(AVAILABLE RECORDS)

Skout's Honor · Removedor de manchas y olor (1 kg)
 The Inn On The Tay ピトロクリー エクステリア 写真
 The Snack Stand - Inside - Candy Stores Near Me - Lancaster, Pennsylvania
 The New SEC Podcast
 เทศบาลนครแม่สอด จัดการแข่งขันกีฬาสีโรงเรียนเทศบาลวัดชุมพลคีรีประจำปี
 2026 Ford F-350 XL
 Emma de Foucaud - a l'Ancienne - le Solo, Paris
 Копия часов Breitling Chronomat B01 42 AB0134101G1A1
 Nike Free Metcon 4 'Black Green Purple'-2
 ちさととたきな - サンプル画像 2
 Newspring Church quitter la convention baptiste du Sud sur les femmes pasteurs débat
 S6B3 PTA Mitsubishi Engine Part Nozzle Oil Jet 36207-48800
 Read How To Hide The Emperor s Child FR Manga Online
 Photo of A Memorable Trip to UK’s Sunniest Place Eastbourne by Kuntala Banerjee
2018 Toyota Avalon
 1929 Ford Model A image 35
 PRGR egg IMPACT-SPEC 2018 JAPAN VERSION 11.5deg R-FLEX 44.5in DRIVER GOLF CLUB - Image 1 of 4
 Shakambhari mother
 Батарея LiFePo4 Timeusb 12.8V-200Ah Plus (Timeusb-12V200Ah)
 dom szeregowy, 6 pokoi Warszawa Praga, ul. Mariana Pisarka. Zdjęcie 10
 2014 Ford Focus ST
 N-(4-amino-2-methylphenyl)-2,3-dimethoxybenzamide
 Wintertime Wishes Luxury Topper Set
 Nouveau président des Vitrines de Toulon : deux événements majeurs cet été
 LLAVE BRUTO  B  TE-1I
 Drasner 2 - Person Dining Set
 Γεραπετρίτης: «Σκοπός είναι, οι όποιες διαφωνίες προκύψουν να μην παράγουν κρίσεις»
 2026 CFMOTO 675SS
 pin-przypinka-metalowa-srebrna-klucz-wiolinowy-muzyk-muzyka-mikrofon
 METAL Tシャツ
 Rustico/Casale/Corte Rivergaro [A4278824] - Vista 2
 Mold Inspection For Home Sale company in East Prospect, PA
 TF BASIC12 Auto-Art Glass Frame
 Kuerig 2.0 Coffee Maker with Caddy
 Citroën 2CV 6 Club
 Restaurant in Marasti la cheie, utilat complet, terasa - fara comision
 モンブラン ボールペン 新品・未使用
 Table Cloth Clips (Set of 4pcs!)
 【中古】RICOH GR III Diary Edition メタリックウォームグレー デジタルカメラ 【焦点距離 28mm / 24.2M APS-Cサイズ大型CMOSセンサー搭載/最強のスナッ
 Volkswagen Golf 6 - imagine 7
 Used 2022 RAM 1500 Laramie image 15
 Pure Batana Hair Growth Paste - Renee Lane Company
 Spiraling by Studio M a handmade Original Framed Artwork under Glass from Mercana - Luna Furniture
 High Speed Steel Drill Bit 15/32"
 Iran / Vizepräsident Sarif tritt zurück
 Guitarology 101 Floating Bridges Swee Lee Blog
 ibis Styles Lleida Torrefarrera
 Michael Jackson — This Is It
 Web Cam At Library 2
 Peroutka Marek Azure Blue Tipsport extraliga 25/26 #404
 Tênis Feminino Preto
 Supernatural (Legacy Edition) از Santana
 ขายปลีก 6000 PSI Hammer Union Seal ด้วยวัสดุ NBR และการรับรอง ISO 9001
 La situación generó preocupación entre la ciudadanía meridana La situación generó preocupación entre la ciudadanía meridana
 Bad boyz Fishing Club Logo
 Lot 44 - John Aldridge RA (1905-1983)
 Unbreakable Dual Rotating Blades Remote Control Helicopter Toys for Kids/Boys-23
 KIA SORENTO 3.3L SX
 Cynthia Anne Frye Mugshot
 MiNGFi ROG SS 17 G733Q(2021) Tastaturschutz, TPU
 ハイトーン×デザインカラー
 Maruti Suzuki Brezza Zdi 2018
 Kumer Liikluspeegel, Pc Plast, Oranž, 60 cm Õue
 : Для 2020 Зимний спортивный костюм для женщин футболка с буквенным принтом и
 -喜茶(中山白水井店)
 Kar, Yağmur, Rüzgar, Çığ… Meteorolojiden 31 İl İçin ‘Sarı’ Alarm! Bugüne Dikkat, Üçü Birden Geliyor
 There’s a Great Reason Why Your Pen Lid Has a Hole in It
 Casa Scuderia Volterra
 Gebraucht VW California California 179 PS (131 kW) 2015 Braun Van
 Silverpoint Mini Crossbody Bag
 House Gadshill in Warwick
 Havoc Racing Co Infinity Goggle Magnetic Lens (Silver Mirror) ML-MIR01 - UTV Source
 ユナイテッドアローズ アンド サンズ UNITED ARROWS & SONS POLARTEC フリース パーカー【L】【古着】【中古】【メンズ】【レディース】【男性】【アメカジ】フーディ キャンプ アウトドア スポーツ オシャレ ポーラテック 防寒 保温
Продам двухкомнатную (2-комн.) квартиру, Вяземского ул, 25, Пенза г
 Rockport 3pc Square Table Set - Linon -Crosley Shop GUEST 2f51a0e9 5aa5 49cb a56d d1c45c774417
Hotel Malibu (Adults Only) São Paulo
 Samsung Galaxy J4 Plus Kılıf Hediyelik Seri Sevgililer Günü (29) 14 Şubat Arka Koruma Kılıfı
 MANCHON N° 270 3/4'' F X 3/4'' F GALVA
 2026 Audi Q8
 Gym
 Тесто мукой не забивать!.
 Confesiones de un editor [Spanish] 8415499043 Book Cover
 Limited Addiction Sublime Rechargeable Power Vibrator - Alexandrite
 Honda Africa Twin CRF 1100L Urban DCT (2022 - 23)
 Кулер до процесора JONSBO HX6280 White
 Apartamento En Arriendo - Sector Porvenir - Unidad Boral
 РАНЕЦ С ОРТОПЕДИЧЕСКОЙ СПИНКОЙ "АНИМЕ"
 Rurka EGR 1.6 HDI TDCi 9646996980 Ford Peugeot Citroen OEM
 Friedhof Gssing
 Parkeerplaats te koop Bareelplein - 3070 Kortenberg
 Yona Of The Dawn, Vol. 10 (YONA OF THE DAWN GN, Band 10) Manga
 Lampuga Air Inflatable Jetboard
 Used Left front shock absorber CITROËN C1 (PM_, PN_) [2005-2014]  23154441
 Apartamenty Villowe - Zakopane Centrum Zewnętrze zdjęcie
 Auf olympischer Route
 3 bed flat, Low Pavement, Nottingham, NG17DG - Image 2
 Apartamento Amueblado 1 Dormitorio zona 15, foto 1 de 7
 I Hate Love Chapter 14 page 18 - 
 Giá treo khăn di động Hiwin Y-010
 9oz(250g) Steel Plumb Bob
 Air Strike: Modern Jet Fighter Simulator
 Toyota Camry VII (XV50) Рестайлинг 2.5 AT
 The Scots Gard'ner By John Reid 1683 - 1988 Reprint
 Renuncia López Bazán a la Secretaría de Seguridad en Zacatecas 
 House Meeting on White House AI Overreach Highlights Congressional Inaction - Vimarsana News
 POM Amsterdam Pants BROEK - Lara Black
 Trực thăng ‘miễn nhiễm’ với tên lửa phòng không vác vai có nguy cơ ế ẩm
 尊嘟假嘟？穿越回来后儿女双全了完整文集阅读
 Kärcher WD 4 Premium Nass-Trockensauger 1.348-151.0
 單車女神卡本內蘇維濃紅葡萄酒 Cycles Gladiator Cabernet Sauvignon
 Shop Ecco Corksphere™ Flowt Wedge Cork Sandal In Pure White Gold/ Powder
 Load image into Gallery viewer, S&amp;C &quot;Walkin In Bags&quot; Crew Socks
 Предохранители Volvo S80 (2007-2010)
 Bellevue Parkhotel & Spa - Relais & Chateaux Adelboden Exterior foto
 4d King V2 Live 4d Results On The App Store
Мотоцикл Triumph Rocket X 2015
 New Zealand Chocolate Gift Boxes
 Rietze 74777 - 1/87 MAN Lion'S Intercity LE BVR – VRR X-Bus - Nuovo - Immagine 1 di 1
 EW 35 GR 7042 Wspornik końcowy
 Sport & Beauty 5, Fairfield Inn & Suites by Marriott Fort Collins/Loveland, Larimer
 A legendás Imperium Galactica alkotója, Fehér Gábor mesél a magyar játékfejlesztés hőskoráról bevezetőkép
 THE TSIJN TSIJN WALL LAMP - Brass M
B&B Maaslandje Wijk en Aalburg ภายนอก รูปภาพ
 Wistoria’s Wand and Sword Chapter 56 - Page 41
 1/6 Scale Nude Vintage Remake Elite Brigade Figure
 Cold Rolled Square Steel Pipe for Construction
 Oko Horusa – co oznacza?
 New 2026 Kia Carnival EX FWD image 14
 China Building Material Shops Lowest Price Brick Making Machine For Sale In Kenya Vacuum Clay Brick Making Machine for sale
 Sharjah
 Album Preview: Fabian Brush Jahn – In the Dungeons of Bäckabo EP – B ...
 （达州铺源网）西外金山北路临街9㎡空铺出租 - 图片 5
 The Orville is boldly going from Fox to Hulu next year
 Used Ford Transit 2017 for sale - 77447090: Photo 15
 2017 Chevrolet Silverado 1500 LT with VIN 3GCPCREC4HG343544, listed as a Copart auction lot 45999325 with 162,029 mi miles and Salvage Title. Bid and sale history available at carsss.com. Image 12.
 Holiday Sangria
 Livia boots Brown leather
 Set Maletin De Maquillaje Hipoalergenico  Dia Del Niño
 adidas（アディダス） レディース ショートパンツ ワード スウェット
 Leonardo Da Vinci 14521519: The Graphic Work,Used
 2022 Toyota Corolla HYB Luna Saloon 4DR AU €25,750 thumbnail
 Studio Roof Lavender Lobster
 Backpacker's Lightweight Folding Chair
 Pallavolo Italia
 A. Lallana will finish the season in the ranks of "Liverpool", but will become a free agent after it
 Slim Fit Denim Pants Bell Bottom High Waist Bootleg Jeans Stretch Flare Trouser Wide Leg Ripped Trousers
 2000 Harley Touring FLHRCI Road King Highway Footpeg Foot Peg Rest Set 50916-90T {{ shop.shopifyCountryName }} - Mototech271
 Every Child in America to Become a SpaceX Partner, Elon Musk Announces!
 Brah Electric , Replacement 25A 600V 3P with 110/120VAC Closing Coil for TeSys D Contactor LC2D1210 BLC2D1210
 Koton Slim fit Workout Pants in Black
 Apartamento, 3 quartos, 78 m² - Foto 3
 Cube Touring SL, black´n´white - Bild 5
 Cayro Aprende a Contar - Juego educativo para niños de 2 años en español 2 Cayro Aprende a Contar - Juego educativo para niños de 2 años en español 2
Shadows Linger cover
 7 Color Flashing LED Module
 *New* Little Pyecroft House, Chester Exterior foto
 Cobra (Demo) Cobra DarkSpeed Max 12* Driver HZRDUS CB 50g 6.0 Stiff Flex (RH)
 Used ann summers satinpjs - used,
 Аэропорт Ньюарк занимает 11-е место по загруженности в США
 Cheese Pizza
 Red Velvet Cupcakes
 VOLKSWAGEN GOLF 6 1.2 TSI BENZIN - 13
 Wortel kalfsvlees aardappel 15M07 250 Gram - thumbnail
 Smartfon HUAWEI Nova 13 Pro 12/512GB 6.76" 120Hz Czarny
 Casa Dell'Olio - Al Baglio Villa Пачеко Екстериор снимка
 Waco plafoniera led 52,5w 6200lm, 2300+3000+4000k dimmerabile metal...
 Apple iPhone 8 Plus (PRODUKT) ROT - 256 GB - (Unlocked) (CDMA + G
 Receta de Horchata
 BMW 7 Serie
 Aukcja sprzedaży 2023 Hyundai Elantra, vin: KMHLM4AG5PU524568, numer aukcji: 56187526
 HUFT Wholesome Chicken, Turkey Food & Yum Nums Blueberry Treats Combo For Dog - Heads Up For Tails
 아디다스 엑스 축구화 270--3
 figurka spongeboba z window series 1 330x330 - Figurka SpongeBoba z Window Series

(End AVAILABLE RECORDS)

Would you please set down the lines from the one with "Receta de Horchata" to the end of the data above, exactly and without any other lines?

▸ FINISHED EXERCISE
 Receta de Horchata
 BMW 7 Serie
 Aukcja sprzedaży 2023 Hyundai Elantra, vin: KMHLM4AG5PU524568, numer aukcji: 56187526
 HUFT Wholesome Chicken, Turkey Food & Yum Nums Blueberry Treats Combo For Dog - Heads Up For Tails
 아디다스 엑스 축구화 270--3
 figurka spongeboba z window series 1 330x330 - Figurka SpongeBoba z Window Series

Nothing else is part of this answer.